• [Data provided]
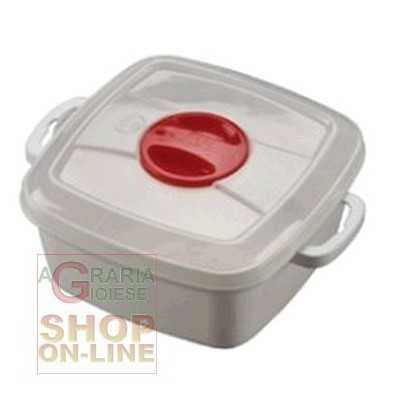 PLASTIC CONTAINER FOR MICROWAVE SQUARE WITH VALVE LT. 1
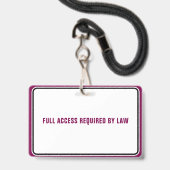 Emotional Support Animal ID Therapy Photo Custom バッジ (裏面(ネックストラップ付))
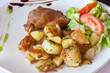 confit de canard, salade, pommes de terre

• [About this exercise]
In the listing, find the line containing "Emotional Support Animal" and repeat it and every later line through the last one, word for word, excluding the pictures.

• [Solution below]
 Emotional Support Animal ID Therapy Photo Custom バッジ (裏面(ネックストラップ付))
 confit de canard, salade, pommes de terre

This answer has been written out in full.